Given that you already have written your XML specs file invoking udf-gen is as simple as:
udf-gen specfile.xml
udf-gen will parse the specs file, create a new subdirectory and puts all generated files in there. The generated code is ready to be compiled using the usual
configure; makesequence.
Below you find a hardcopy of udf-gen --help output:
udf-gen 0.9.1dev,Copyright (c) 2003-2005 Hartmut Holzgraefe Usage: /usr/local/bin/udf-gen [-hxf] [-d dir] [--version] specfile.xml -h|--help this message -x|--experimental enable experimental features -d|--dir output directory -f|--force overwrite existing files/directories -l|--lint check syntax only, don't create output --version show version info
The top level container tag describing an extension is the <extension> tag. The name of the extension is given in the name=... attribute. The extension name has to be a valid file name as it is used the extensions directory name.

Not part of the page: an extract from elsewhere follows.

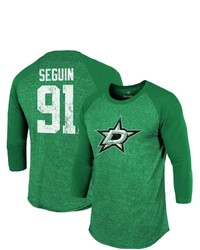 FANATICS Branded Tyler Seguin Kelly Green Dallas Stars Name Number Tri Blend Raglan 34 Sleeve T Shirt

You can specify which CodeGen_MySQL_UDF version your specification file was build for using the version=... attribute. The udf-gen command will not accept specifications written for a newer version of CodeGen_MySQL_UDF than the one installed. If the requested version is older then the current one then udf-gen will try to fall back to the older versions behavior for features that have changed in incompatible ways.
![]() | So far no such changes have happened. |
The tags <summary> and <description> should be added at the very top of your extensions. The summary should be a short one-line description of the extension while the actually description can be as detailed as you like.
The release information for your UDF extension should include the extension authors and maintainers, the version number, state and release date, the chosen license and maybe a change log describing previous releases.
The <maintainers>, <release> and <changelog> tags specifications are identical to those in the PEAR package.xml specification so please refer to the PEAR documentation here.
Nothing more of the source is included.